#### TASK GOAL:
From the top of the entries below through the line containing "Bouquet de fleurs", return every line exactly as written, please, and stop there.

#### RECORDS FOR THE TASK:

Content starts

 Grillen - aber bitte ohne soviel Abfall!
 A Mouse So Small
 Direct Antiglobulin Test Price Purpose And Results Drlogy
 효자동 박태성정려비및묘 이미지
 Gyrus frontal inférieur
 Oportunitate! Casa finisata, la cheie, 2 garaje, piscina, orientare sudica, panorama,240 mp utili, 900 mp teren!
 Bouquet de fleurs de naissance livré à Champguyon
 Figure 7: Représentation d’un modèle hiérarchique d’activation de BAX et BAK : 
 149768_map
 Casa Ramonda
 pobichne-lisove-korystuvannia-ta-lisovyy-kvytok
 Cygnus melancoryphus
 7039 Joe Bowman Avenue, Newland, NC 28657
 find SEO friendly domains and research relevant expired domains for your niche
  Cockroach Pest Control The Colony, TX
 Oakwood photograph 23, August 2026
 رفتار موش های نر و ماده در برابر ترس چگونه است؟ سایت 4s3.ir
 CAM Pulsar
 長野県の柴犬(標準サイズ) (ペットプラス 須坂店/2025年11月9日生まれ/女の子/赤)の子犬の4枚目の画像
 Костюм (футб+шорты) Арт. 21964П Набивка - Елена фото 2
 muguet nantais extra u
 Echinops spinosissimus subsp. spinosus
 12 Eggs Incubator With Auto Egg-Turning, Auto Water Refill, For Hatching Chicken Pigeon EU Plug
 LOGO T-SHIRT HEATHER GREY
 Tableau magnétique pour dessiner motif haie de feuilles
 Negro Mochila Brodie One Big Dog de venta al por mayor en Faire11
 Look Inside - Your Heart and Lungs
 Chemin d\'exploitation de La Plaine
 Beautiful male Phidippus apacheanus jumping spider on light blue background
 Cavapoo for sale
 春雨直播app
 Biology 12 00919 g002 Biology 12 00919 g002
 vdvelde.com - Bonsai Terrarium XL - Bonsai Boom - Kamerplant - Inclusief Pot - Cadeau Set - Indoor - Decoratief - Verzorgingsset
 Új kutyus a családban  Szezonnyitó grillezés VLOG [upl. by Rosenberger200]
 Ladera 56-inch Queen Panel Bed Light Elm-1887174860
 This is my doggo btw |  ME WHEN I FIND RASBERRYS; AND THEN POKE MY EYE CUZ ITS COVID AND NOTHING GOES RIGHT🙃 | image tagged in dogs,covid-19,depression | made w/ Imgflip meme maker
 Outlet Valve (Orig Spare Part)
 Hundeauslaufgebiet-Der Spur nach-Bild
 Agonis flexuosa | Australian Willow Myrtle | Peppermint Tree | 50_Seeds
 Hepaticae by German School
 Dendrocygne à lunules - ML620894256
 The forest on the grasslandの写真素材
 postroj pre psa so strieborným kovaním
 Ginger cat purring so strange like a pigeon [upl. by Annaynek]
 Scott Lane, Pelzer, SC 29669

Content ends

#### THE COMPLETED TASK:
 Grillen - aber bitte ohne soviel Abfall!
 A Mouse So Small
 Direct Antiglobulin Test Price Purpose And Results Drlogy
 효자동 박태성정려비및묘 이미지
 Gyrus frontal inférieur
 Oportunitate! Casa finisata, la cheie, 2 garaje, piscina, orientare sudica, panorama,240 mp utili, 900 mp teren!
 Bouquet de fleurs de naissance livré à Champguyon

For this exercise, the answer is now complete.